In an effort to build a sense of community and collegiality among the Freshman class, while giving students the intellectual foundation and skills they need to flourish throughout their lives, the College of Arts and Letters (CAL) at Stevens Institute of Technology presents The Freshman Experience.
This experience centers on a sequence of two common courses that every new student at Stevens takes during the first year:
- CAL 103 - Writing and Communications
- CAL 105 - CAL Colloquium: Knowledge, Nature, Culture.
Together these courses provide students with the foundation they need to become reflective, critical, expressive and articulate, intellectually confident and, perhaps most important, truly innovative.

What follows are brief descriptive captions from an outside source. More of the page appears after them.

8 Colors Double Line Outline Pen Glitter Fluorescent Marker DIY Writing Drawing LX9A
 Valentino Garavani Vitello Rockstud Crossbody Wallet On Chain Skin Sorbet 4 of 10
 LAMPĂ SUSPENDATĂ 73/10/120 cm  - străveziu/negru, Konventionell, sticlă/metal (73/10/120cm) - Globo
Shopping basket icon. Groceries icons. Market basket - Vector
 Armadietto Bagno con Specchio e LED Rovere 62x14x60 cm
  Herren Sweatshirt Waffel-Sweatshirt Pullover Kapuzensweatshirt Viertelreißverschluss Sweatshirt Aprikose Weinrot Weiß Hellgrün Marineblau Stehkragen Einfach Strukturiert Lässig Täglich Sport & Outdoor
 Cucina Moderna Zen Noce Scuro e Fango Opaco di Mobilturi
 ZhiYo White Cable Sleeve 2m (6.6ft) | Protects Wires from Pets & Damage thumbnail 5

It also helps them become oriented to college life while giving them a common base across majors and schools, enabling them to build a sense of solidarity and community.
Both courses comprising the Freshman Experience at Stevens follow common syllabi and make use of the same textbooks, which means that every Stevens Freshman reads and discusses the same material, regardless of section or instructor. This allows students to engage in discussions and debates about the material outside the classroom. The text for CAL 105 has been published by Stevens and is given to all incoming students as our gift.
Benefits of the Freshman Experience
- Sets the benchmark for standards in college-level writing and communications.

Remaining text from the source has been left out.